» **Problem**
Word for word, restate the lines of the listing below from the line with "Unlock The Art" through the line with "В Сызрани прошел", and do not include the pictures.

» **Input data**
************

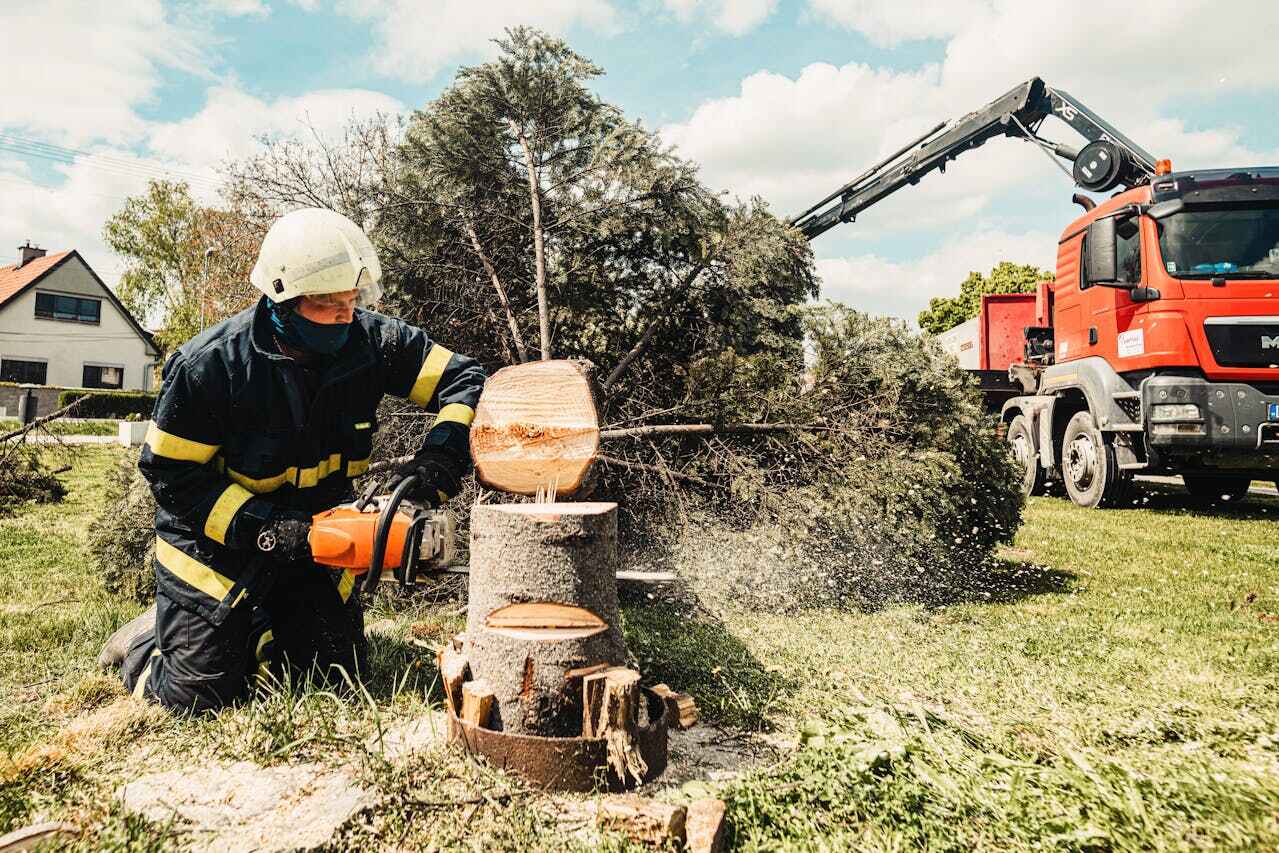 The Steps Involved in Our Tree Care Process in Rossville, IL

************

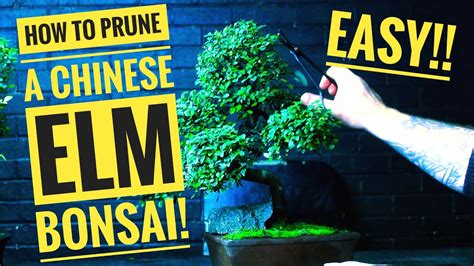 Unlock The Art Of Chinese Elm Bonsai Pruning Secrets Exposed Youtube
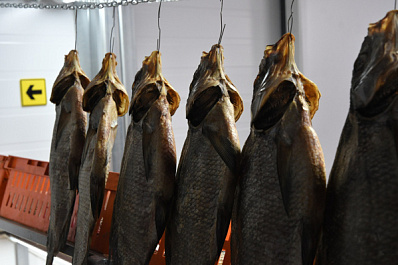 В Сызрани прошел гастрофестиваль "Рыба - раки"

************

» **Answer below**
 Unlock The Art Of Chinese Elm Bonsai Pruning Secrets Exposed Youtube
 В Сызрани прошел гастрофестиваль "Рыба - раки"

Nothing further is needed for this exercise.